◆ Excerpted records ◆
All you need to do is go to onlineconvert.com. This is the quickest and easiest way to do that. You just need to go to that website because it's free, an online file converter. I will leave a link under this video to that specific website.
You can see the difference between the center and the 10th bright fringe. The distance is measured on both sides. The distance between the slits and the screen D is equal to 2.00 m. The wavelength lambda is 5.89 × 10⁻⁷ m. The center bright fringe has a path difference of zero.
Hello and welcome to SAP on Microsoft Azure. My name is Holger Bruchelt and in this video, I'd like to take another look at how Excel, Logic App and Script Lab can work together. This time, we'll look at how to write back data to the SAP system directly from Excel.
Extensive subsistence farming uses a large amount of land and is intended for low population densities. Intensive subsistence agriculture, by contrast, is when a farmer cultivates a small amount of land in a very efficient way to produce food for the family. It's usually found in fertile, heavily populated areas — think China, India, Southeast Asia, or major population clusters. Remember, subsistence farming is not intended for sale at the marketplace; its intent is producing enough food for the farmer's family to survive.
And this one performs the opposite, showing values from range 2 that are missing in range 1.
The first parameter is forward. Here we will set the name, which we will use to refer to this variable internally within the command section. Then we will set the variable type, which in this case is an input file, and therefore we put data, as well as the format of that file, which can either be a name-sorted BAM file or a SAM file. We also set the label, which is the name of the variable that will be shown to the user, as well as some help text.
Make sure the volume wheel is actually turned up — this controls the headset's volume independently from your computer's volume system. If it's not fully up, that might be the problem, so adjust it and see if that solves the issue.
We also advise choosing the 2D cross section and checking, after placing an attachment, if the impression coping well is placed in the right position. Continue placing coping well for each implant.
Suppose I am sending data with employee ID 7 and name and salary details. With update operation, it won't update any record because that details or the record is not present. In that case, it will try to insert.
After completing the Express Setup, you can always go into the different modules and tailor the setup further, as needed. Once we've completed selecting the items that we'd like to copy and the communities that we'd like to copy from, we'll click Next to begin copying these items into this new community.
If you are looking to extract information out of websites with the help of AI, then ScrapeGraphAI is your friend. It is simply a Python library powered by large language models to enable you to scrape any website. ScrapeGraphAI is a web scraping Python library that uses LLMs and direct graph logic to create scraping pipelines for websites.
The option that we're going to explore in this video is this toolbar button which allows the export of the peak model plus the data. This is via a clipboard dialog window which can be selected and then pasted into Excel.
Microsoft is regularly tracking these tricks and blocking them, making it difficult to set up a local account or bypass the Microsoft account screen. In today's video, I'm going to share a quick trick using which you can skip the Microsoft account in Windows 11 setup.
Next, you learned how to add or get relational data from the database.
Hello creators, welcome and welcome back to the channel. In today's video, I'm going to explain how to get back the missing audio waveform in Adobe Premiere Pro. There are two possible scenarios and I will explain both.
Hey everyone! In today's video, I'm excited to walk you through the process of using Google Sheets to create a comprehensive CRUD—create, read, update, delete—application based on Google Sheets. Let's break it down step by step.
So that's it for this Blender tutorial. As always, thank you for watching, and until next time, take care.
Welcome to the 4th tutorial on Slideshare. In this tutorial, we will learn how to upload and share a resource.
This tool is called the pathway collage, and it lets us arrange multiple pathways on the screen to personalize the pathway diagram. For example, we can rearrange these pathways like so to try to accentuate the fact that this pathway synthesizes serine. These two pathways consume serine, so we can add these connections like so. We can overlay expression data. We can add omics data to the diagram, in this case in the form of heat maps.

◆ Exercise ◆
Reproduce the lines from the one containing "Welcome to the" to the end of the entries, keeping both ends and adding nothing.

◆ Written answer ◆
Welcome to the 4th tutorial on Slideshare. In this tutorial, we will learn how to upload and share a resource.
This tool is called the pathway collage, and it lets us arrange multiple pathways on the screen to personalize the pathway diagram. For example, we can rearrange these pathways like so to try to accentuate the fact that this pathway synthesizes serine. These two pathways consume serine, so we can add these connections like so. We can overlay expression data. We can add omics data to the diagram, in this case in the form of heat maps.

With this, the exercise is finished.